ZFS Application Log

Hello, I am Jaejin Song, DevOps Team Leader at WhaTap Labs. The DevOps team does a wide range of work, from managing WhaTap service infrastructure to CI/CD, issue handling, customer support, and technical writing. You can say that we do everything except service development.

WhaTap monitoring service collects a lot of data as it monitors tens of thousands of servers around the world and more than 1 million transactions per second in real time. The amount of data stored on the collection server disk is about 6Tb/day, and the amount is increasing every day. We would like to talk about how we have been thinking about the data, which is the core of WhaTap service, from the infrastructure perspective, not from the code perspective, to efficiently store this data.😄

Minimum storage unit project

A unit of monitoring for the WhaTap service is called a "project." A project can be a group of applications, a group of servers, or a single NameSapce, and in Kubernetes, a single NameSapce is the smallest unit. Most people organize a few servers and a few applications into a project.

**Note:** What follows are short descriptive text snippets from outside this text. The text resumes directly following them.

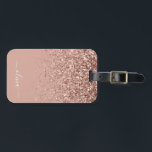 Etiqueta Para Maletas Monograma de Purpurina de Rosa Rubor Rosa Girly<br><div class="desc">Oro Rosa - Etiqueta de la bolsa de equipaje del Purpurina de espuma rosada Rubor Monograma Nombre del equipaje. Esto hace que el dulce perfecto cumpleaños 16,  boda,  ducha de novia,  ducha de bebé o fiesta de soltera sea un regalo para alguien que viaja con estilo.</div>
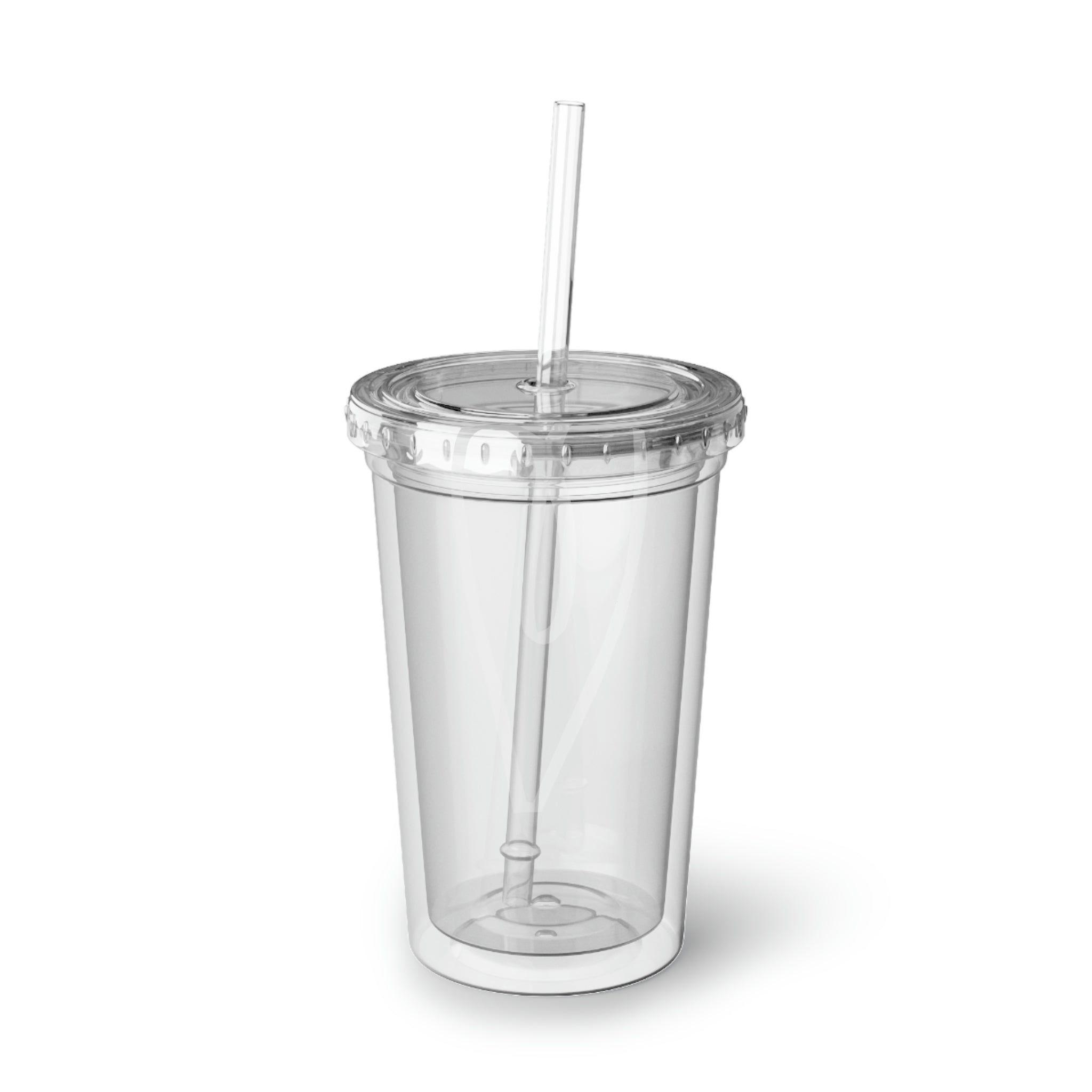 Hearts Suave Acrylic Cup in stainless steel with a black plastic cap and straw, showcasing a customizable design.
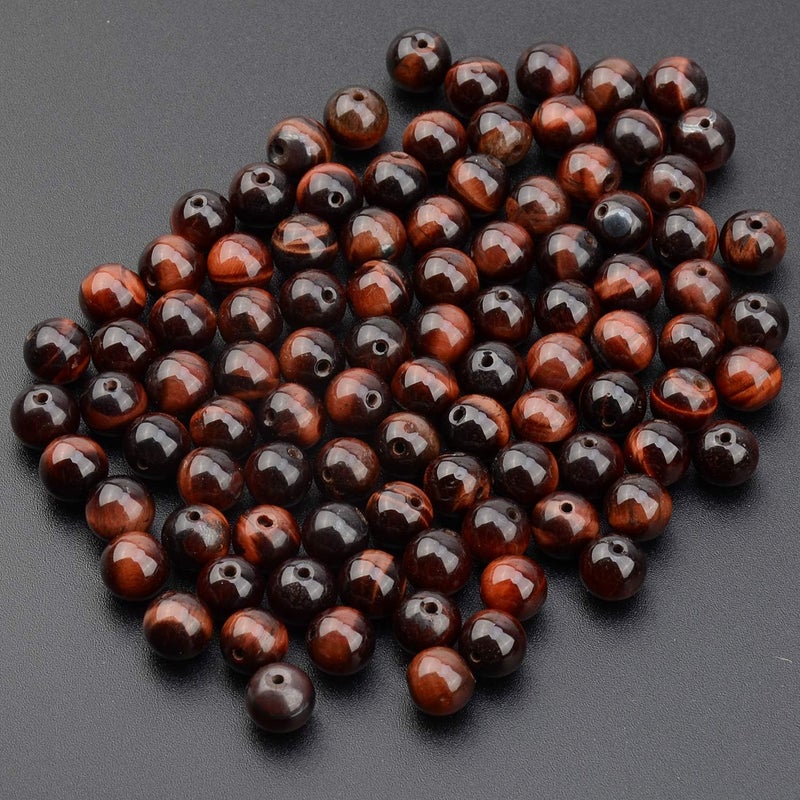 LPBeads 100PCS 8mm Natural Red Tiger Eye Gemstone Round Loose Beads for Jewelry Making with Crystal Stretch Cord - Image 3
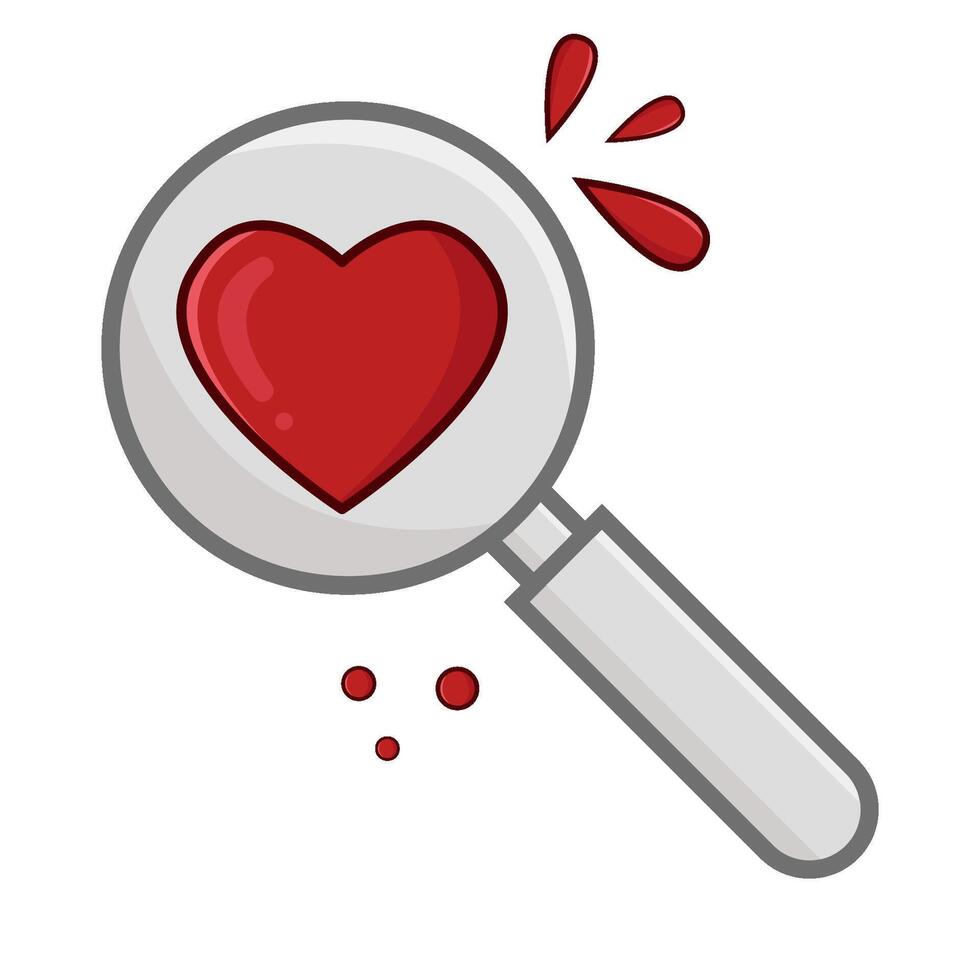 love in magnifying glass illustration vector
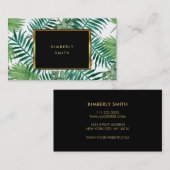 Tropische bladeren zwarte gouden visitekaartjes (Voorkant / Achterkant)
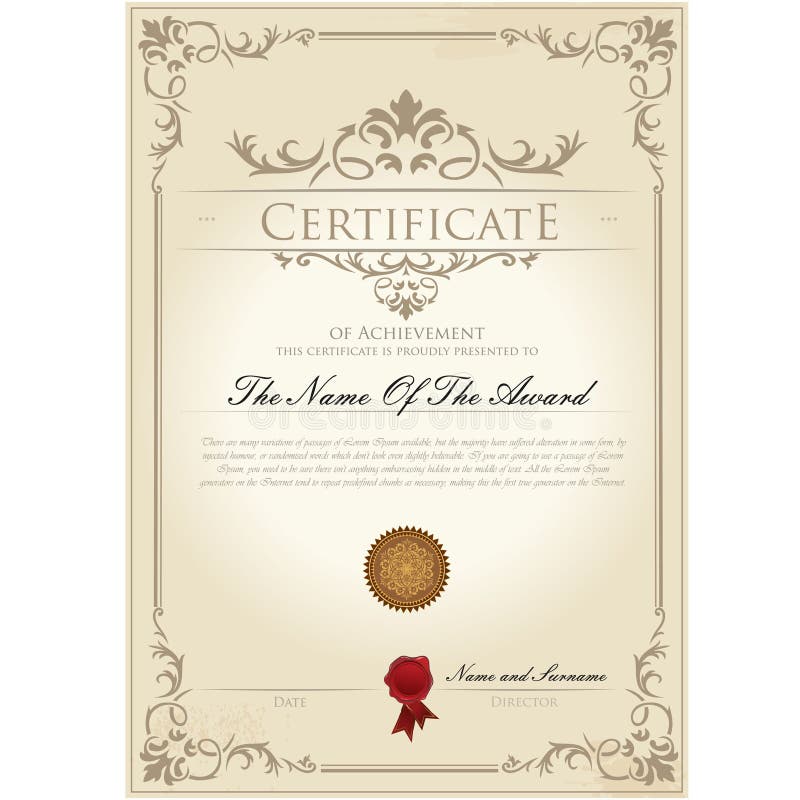 Certificate vintage template royalty free illustration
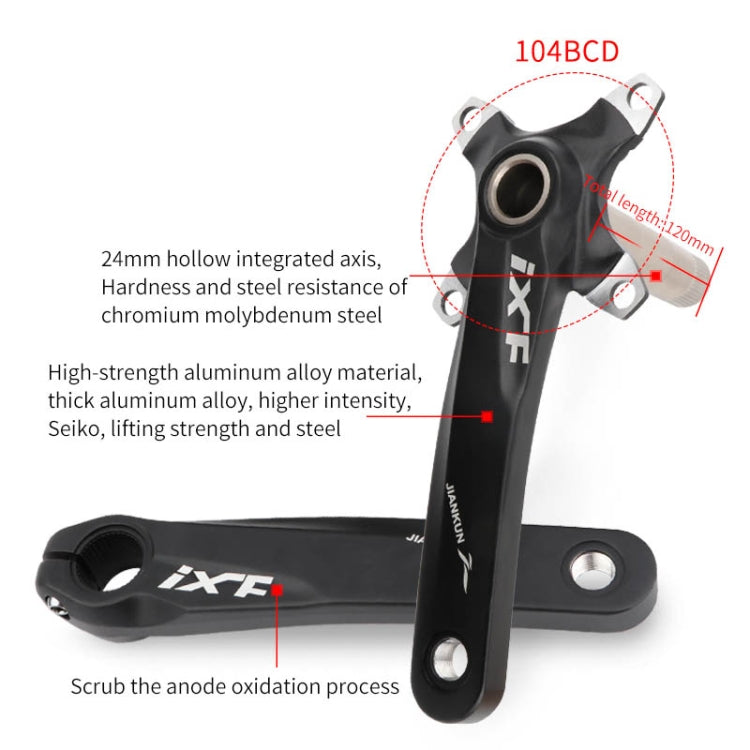 Pedaleira oca modificada JIANKUN IXF para bicicleta de montanha, prato único, pedaleiras esquerda e direita, eixo inferior, pedaleira esquerda e direita, pedaleira esquerda e direita + suporte inferior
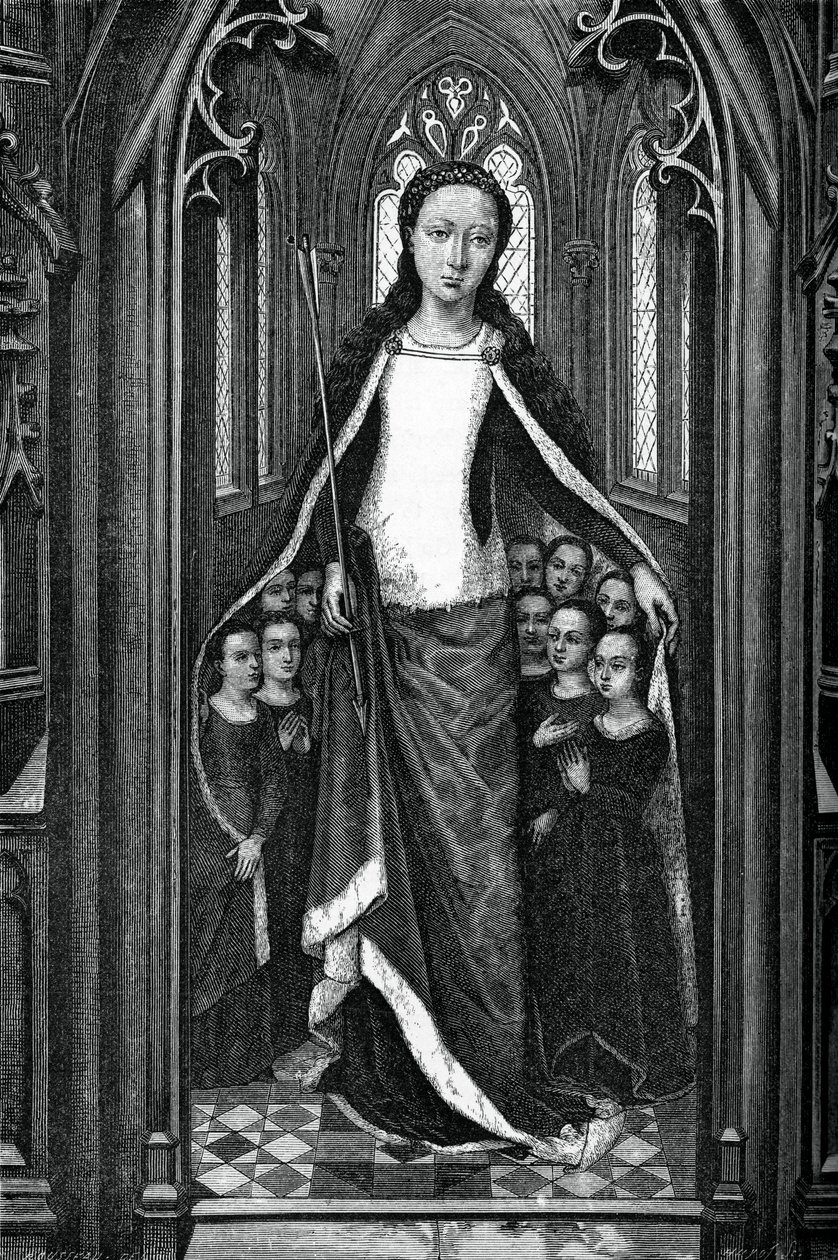 St. Ursula und die heiligen Jungfrauen, aus dem Reliquiar der St. Ursula, 1489, 1870 von Unbekannt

Data storage is also based on projects.

With a combined storage of 6 TB/day and a total of 10,000 projects, 600 Mb/day per project is the average. When a new project is created, it is placed on the most spare VM out of the dozens of storage tens. The volumes allocated to the VM are managed by a monitoring daemon, which calls the cloud provider's API to increase the volume size when it anticipates running out of space.

Suddenly a big client

We were having a peaceful time, with services thriving and systems running smoothly with the power of automation. Then one day, we noticed a red flag in one of our large client’s Kubernetes monitoring projects: hundreds of pods were being created on a single NameSapce, and within a day, we started to accumulate over 1Tb of data.

While it is natural to scale out as the number of projects grows, it is unexpected to see so much data stored in a single project.

WhaTap monitoring service should guarantee 1 month data retention. You have homework, because you will reach the volume size limit in just a few days.

First Aid - LVM

After watching the usage trend for a few days, it was clear that the volume size was going to be over 16Tb. We moved the project to a new VM, and the volume on the new VM was configured with LVM to tie the two volumes together.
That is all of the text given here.